When I first heard “‘Wasn’t I Paying Attention,” I wondered if Shires had read a similar story in a newspaper, or perhaps was inspired by the recent hit podcast S-Town, about a small-town misfit who meets a tragic end. But when reached by phone last week while traveling via tour bus, Shires explained that the song unfolds more or less how it was explained by her father, who spends half the year in Alaska trawling the Bering Sea in search of gold. Her dad is the song’s protagonist, and what occurs in “Wasn’t I Paying Attention” actually happened to his buddy.
“Dad told me that he let him borrow his truck, and he went into town, and poured gas on himself and slit his throat and lit himself on fire,” Shires recalled, in the same dispassionate, journalistic tone that makes the song so chilling. (The man somehow survived.)

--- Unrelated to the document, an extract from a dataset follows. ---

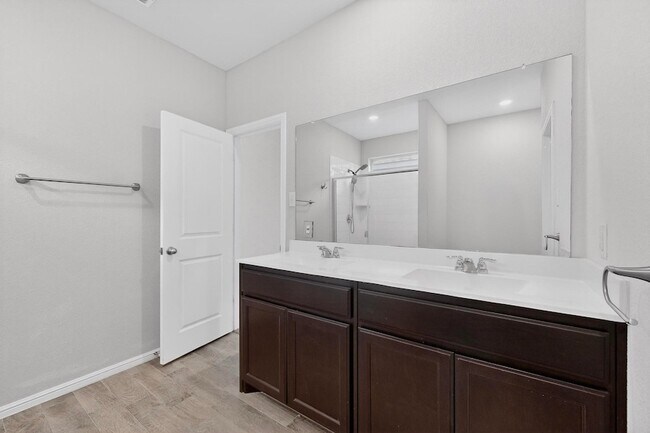Building Photo - 8425 Wildwest Dr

Soon after that fateful phone call, Shires started processing her father’s anecdote as art. “I guess what bothered my dad — and then me too — was not knowing his friend as truly as he thought he did,” she said. “It sits with you, and it bothers you, and it doesn’t go away, and you need help explaining it to yourself. That’s when the songwriting part comes.”
Throughout To The Sunset, which comes out August 3, Shires tells personal stories as a way of getting at overarching truths about the human experience. There are songs about mothers and daughters, anxiety, and mortality, laced with empathy and Shires’ dry sense of humor, as well as the sharpest pop-rock hooks of her career. Working with sought-after country producer Dave Cobb, Shires sets her literary, character-driven narratives to lush, jangly melodies that recall ’80s alt-rock mainstays like R.E.M., The Smiths, and Echo And The Bunnymen.
It’s a breakthrough for the native Texan, who’s been playing music professionally since she was 15, when she joined up with Western swing legends the Texas Playboys as a junior fiddle player. Since then, Shires has been lumped in that amorphous, ill-defined genre known as Americana, where she’s among the most respected (if not yet famous) artists. She also moonlights as a member of The 400 Unit, acting as an on-stage foil for her husband of five years, Jason Isbell. (He returns the favor by playing guitar on To The Sunset.)